Monday, June 29, 2020

It's at the Printer!

Another blog entry so soon? My coach will be surprised. I may be stalling, avoiding or maybe just allowing my roiling mind to simmer a bit but here goes the news of the day. When the Hill Came Down is at the printer and will be in my hands soon. I am anxious to receive it as I always am when a new book arrives. The arrival of my ninth book will not rival the excitement , joy and thrill of seeing my first book . A few days ago I sat in the same spot in the Shoppers Drug Mart parking lot that I had pulled into after having picked up my ten author copies from the post office nine years ago. I recalled ripping the box open and seeing copies of The Year Mrs. Montague Cried. I wept as I held that little book the efforts of a year of writing and the testament to the sorrow of loosing my beloved firstborn son.
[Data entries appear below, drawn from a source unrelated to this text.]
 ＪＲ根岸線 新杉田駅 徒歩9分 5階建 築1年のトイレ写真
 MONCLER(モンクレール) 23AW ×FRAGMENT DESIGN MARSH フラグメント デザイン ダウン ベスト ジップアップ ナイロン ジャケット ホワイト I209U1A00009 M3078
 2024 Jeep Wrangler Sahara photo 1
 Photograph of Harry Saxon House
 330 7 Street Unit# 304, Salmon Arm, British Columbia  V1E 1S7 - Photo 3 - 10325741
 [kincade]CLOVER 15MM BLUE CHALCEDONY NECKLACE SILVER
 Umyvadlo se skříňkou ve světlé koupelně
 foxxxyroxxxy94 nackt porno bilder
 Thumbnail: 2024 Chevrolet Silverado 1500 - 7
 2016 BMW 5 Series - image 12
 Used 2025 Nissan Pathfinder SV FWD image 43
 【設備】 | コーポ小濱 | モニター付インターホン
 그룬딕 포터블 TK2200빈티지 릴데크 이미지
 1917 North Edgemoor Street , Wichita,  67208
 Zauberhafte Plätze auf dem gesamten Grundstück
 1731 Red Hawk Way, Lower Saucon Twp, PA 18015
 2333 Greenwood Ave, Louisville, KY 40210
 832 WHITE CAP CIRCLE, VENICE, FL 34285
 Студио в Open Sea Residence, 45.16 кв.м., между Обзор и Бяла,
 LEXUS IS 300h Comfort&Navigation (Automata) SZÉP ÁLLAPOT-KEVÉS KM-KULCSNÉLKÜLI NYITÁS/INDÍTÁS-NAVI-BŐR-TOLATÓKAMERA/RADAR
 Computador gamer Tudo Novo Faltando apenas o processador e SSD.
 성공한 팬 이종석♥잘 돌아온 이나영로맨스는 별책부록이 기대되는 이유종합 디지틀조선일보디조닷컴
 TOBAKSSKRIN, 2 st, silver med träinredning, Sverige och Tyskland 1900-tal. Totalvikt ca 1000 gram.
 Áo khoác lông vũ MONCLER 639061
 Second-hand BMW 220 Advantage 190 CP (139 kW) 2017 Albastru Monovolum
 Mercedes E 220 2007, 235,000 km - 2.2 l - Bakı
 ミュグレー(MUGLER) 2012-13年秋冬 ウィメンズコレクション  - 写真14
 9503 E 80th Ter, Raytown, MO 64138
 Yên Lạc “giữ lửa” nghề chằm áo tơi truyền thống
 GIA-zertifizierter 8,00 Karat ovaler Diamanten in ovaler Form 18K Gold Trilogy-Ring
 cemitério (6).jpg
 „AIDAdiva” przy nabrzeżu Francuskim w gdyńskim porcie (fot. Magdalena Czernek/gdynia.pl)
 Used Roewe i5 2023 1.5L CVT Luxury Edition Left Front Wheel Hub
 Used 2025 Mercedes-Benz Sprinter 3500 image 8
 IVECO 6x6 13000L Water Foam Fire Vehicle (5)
Such layers of joy and anguish, such accomplishment and heartache. I still hold that little book with awe , pride and gratefulness. Every book following brought its own feelings and I loved receiving them. This one has its own story ( on the page of course and in the writing process) and has its own personality.It has been a long time getting here and was interrupted by the state of the 2020 world we are living through but the wait makes it even more exciting.The launch may happen at a later date but more pressing concerns fill our thoughts and need our energy this summer. Maybe a fall launch will welcome this new book. In the meantime I will order a few and sell to interested readers. Welcome to the family, When the Hill Came Down.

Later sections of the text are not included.